Federal Trade Commission Chair Lina Khan and Colorado Attorney General Phil Weiser hosted the hour-long meeting in Denver, where several store workers and community members spoke out against the merger, but no one voiced support for the combining of the two companies, according to The Colorado Sun.
As previously reported, Kroger and Albertsons last year agreed to merge in a $24.6 billion deal that could close next year, pending FTC approval. The two companies have reached an agreement to sell off 413 stores to C&S Wholesale Grocers to satisfy antitrust concerns, but opposition to the deal remains strong among some state attorneys general and at the United Food & Commercial Workers Union, which cites potential store closures and job losses.

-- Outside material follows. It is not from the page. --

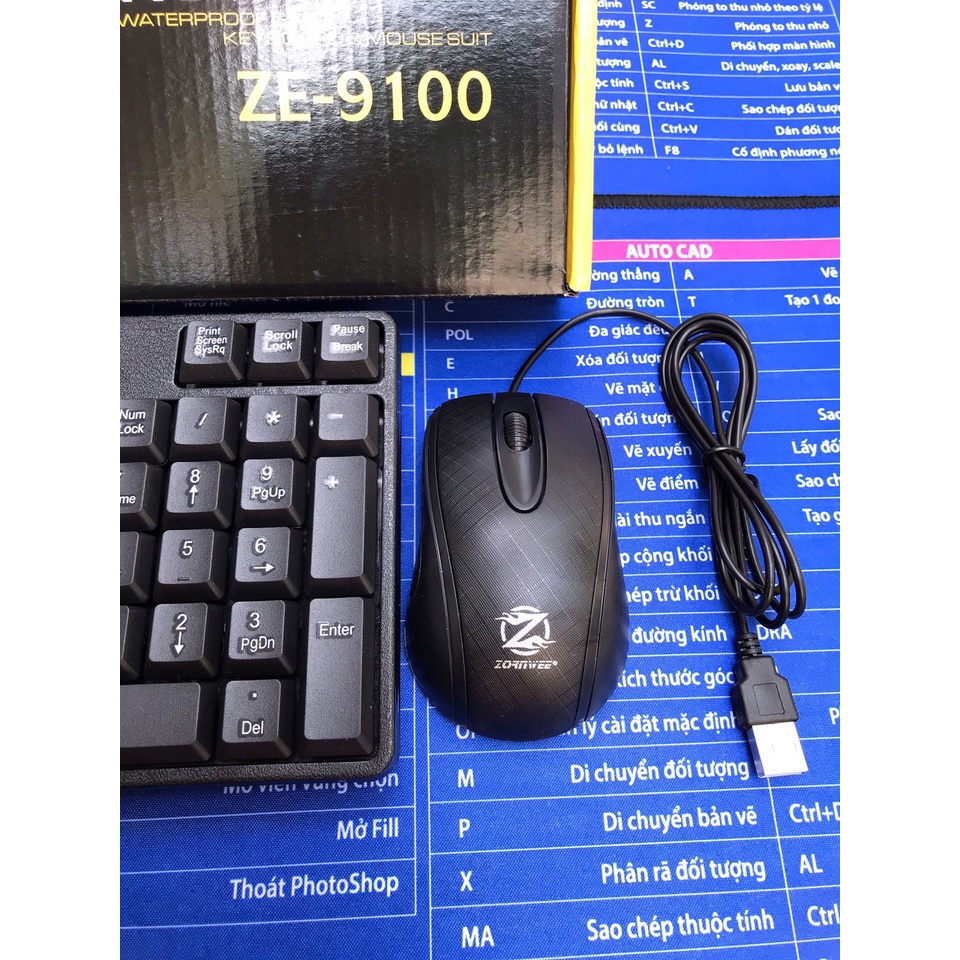 Bộ Bàn Phím Chuột Máy Tính Để Bàn PC Máy Đồng Bộ Văn Phòng Có Dây ZORNWEE ZE-9100 giá rẻ, bền đẹp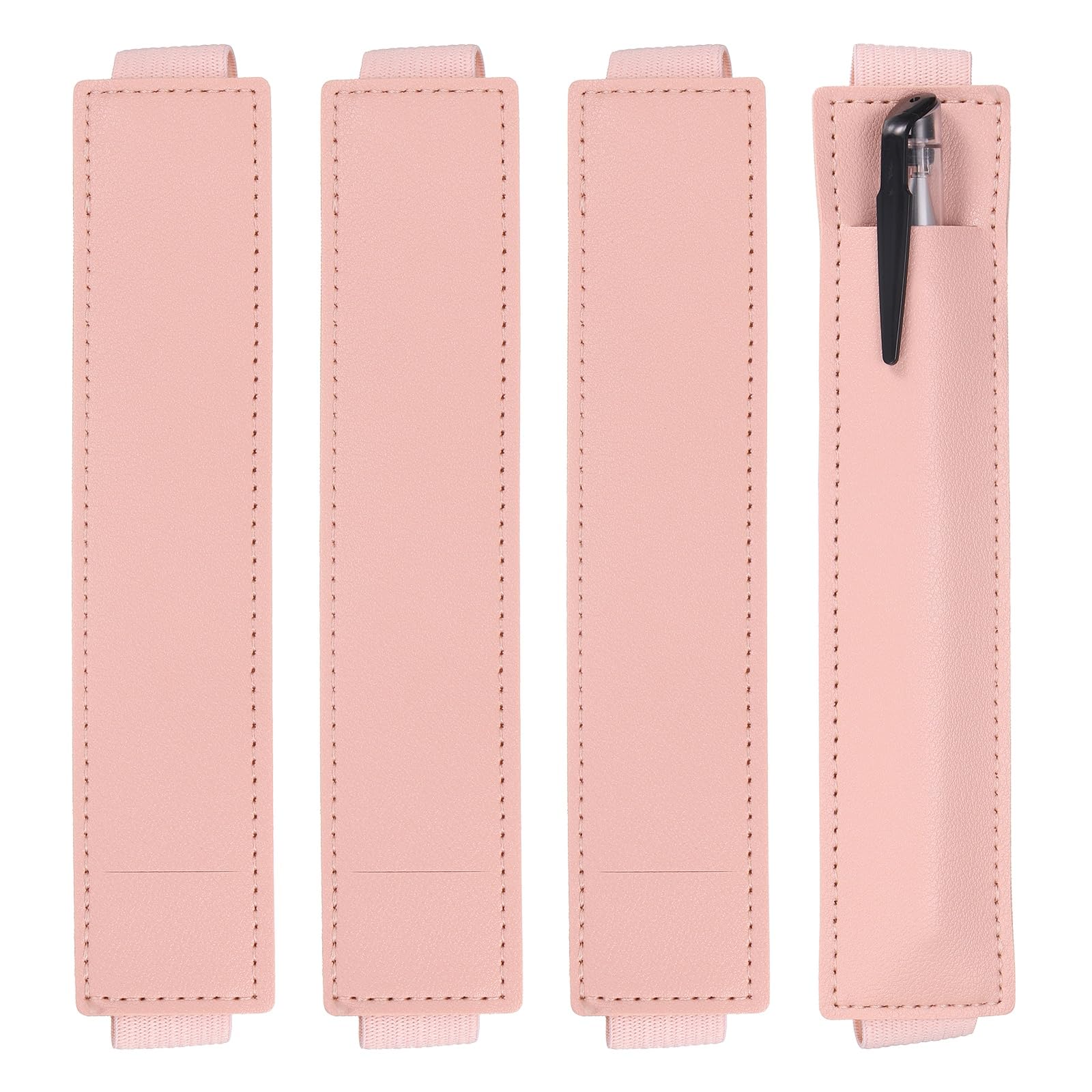 sourcing map 6 Pcs Adjustable Pen Loop Holder for Notebook, PU Leather Pen Holder Pencil Sleeve Elastic Strap Band Designed for Journals Clipboards, Notebooks, Journals, Calendars (Pink)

“It was unfortunate that yet another listening session gave such a prominent platform to blatant mistruths about the merger,” a spokesperson for Albertsons told Supermarket News. “Albertsons Cos. merging with Kroger will expand competition, lower prices, protect union jobs, and enhance customers’ shopping experience in Denver and across the country.”
“This merger would also ensure that our neighborhood supermarkets, some of which have been serving communities for over 100 years, can better compete with larger non-union retailing giants such as Walmart and Amazon,” the spokesperson said.
A Kroger spokesperson offered a similar assessment.
“Only non-unionized retailers, like Walmart and Amazon, will benefit if this merger is blocked,” they said. “In fact, Kroger joining with Albertsons will mean lower prices for customers, secure union jobs, and more food directed to hungry families, with 10 billion meals committed to people in need across America by 2030.”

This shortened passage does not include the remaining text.